#### Supplied entries

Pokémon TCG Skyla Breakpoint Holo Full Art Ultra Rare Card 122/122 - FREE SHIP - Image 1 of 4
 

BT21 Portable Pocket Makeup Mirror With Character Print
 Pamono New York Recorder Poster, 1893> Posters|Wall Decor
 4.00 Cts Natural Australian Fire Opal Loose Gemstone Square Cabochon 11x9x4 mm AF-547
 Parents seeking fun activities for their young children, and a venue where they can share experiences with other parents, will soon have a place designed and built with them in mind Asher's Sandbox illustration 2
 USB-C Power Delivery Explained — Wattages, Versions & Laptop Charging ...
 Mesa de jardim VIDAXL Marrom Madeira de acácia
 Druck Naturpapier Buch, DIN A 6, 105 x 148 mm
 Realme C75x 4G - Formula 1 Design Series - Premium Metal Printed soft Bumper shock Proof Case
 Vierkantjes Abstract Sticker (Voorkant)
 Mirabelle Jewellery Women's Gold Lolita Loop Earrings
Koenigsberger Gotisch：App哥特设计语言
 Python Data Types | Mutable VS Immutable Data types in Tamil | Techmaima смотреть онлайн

########

Exercise directions ->
From the first line of the entries above to the line with "4.00 Cts Natural", please return every line exactly, keeping both ends.

Solution for this problem ->
Pokémon TCG Skyla Breakpoint Holo Full Art Ultra Rare Card 122/122 - FREE SHIP - Image 1 of 4
 

BT21 Portable Pocket Makeup Mirror With Character Print
 Pamono New York Recorder Poster, 1893> Posters|Wall Decor
 4.00 Cts Natural Australian Fire Opal Loose Gemstone Square Cabochon 11x9x4 mm AF-547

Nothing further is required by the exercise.